> How does this affect movies involving conformation changes?  Secondary
> structure info from the first frame appears to carry over 
> into the others-
> whereas in reality some helixes or sheets change to varying 
> degrees.  This
> leads to warping in something like calmodulin.  Would I need to render
> frames separately and run 'alter'?

Secondary structure in PyMOL is currently an atomic not a coordinate
property.  This is probably a design flaw, which will need to be fixed
later on.  Same goes for occupancy and B-factors (anything else?).

Anyway, if you want it to change secondary structure during a
trajectory, the easiest thing to do is split the trajectory over two
objects with non-overlapping states (ie. use the 'state' option to
load), and then assign the secondary structure independently...

state    1 2 3 4 5 6 7 8  
object1  X X X X 
object2          X X X X 

> However, I'm finding that using PyMOL as a module is failing.

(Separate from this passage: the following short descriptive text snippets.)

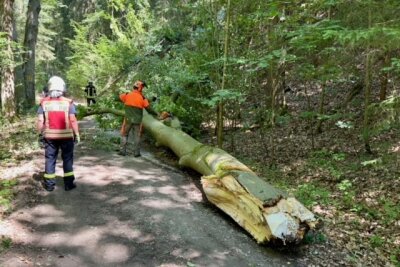 Baumkrone fällt auf beliebten Rad-und Wanderweg in Aue - Feuerwehr Aue und Bad Schlema im Einsatz: Abgebrochene Baumkrone sicher entfernt. Foto: Daniel Unger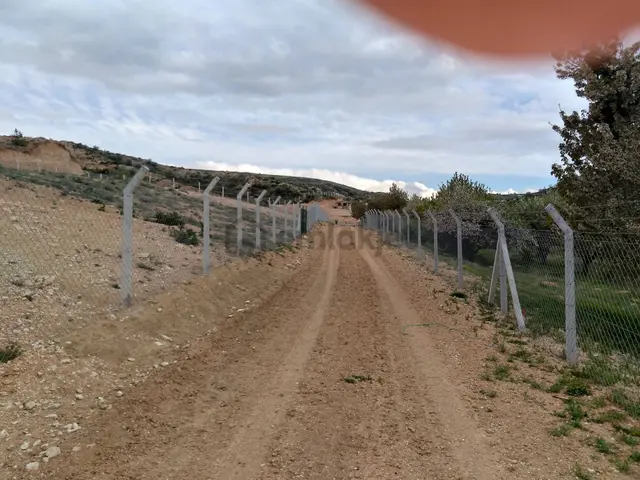 Ayaş Ortaberekette 1.800 M2 Hobi Bahçelerinin Olduğu Yerde Tapulu 1.800.000 Tl. Satılık Bahçe Yeri 3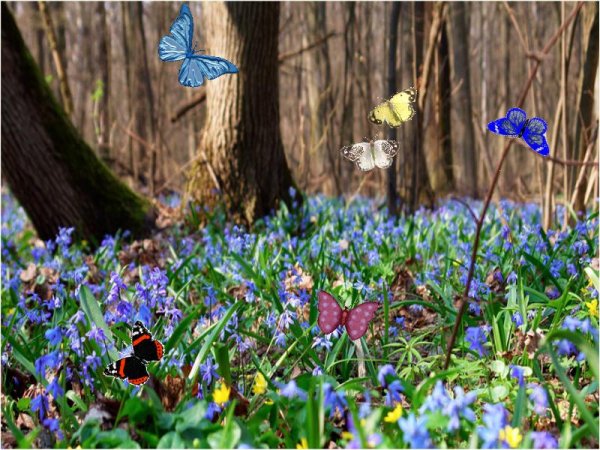 Медуница подснежники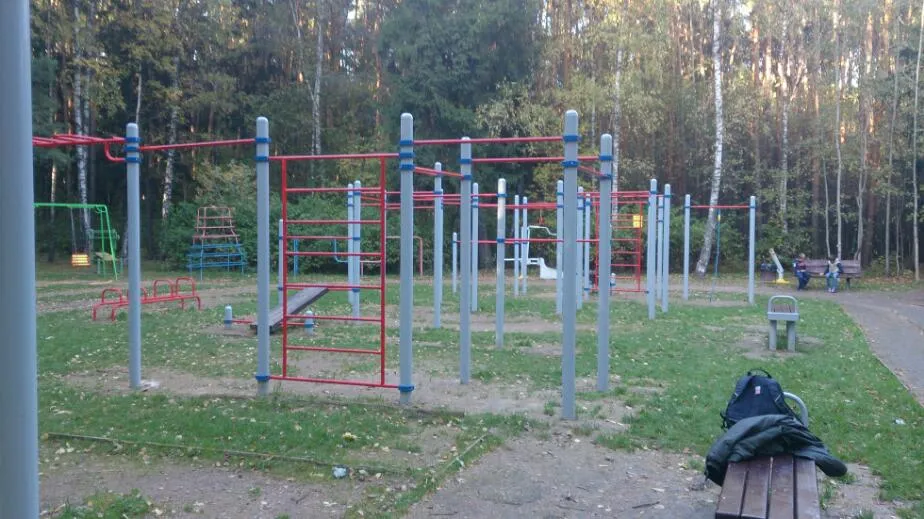 Barre de traction à Calisthenics Park at Чоботовская улица, Москва #wp2354 – photo 1 sur 1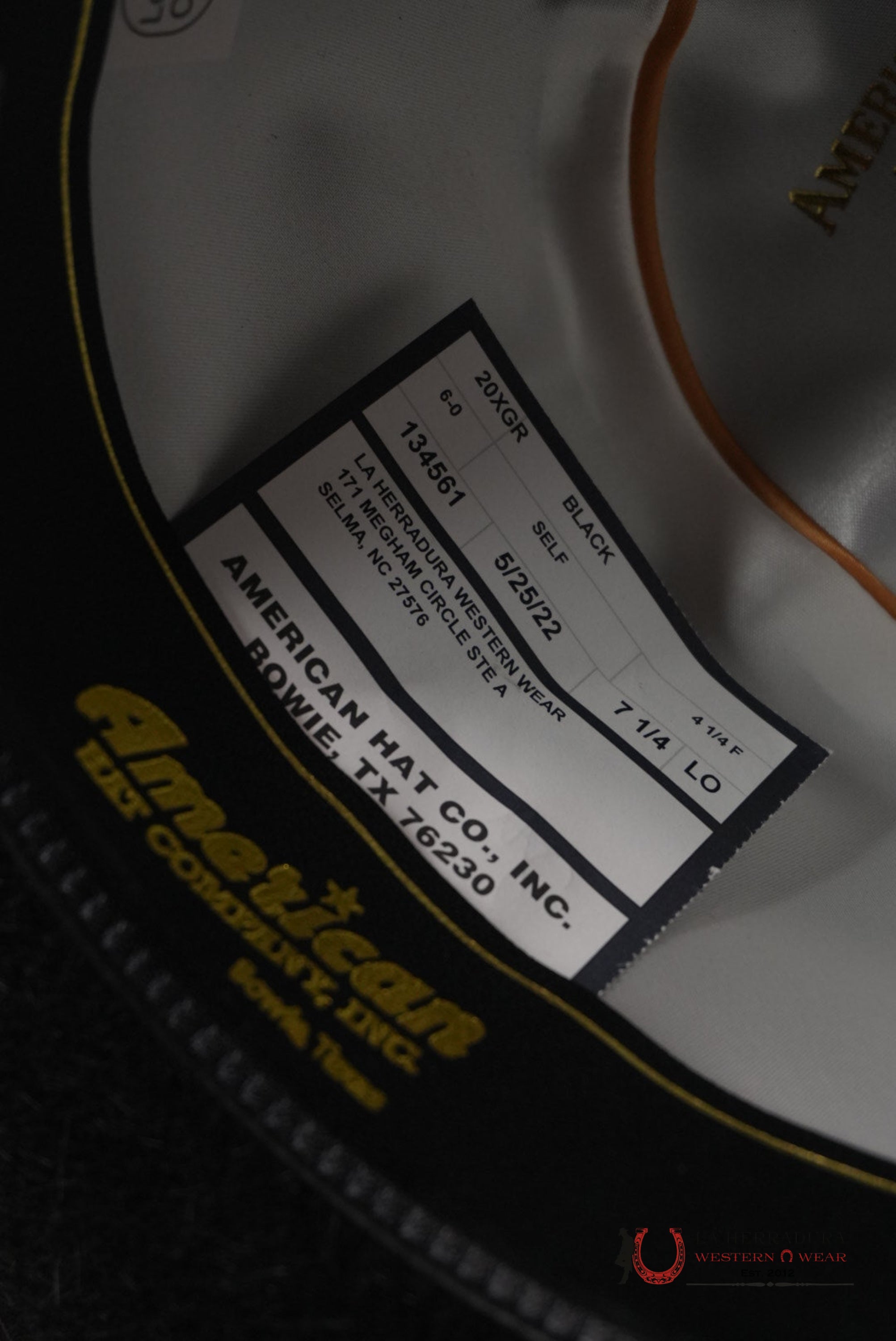 20X American Felt Hat Grizzly Black TEJANA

I built
> from source and have everything installed in 
> /usr/local/python, and when I
> try to do 'from pymol import cmd, util' I get this:
> Traceback (most recent call last):
>   File "./render.py", line 7, in ?
>     import pymol
>   File "/usr/local/pymol/modules/pymol/__init__.py", line 24, in ?
>     import _cmd
> ImportError: shared object not open

The easiest way to use PyMOL as a module is to use PyMOL as your Python
interpreter.  It isn't trivial to launch PyMOL from within a running
Python interpreter, but it can be done under unix (only).  See pymol.com
and modules/launch_pymol.py for an example of how to do it.